▼

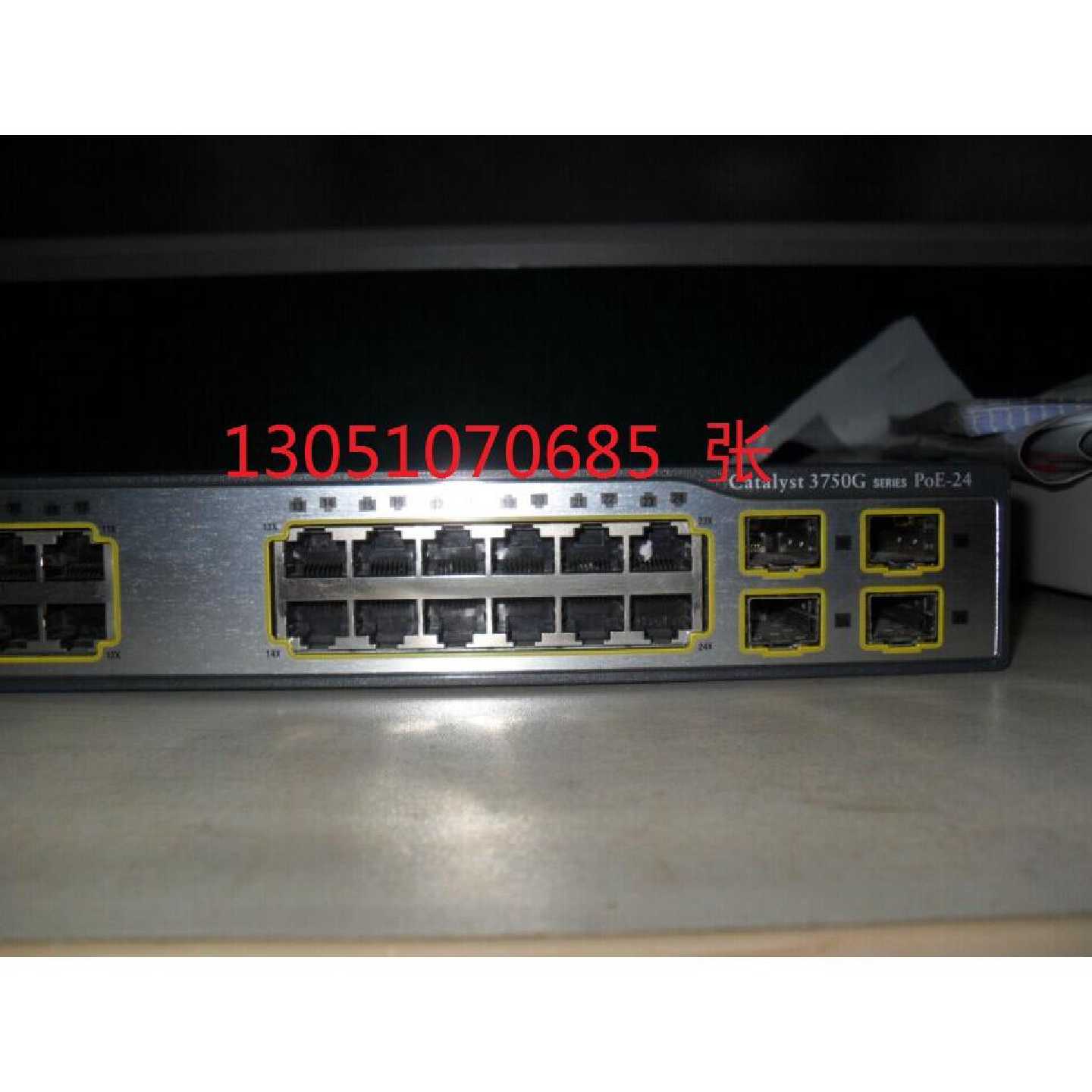 议价思科全千兆POE交换机WS-C3750G-24PS-S WS-C3750G-24PS-S 9成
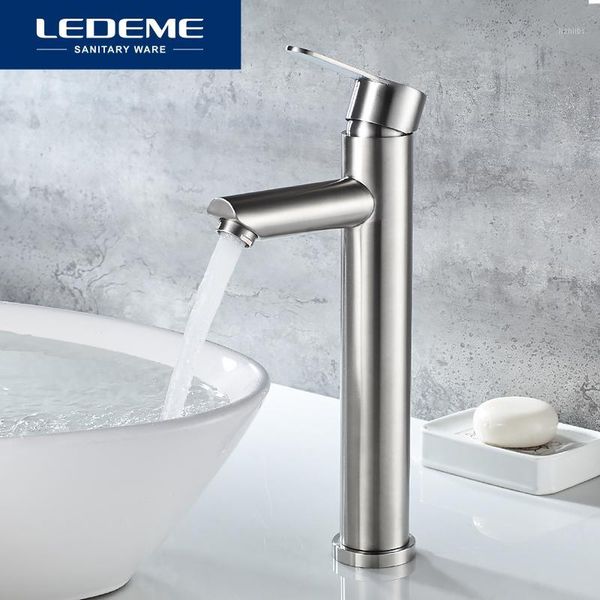 

ledeme stainless steel basin faucet bathroom faucet cold mixer tap single hole counterinstallation basin faucets l711031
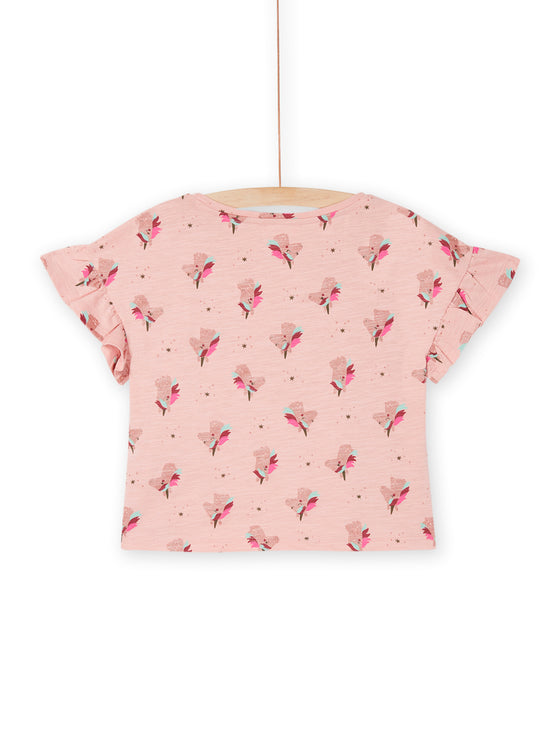 Pink Floral patterned T-shirt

▲

> **INSTRUCTIONS TO FOLLOW**
Transcribe the listing above verbatim. Omit the pictures.

> **OUTPUT OF THE TASK**
 议价思科全千兆POE交换机WS-C3750G-24PS-S WS-C3750G-24PS-S 9成

ledeme stainless steel basin faucet bathroom faucet cold mixer tap single hole counterinstallation basin faucets l711031
 Pink Floral patterned T-shirt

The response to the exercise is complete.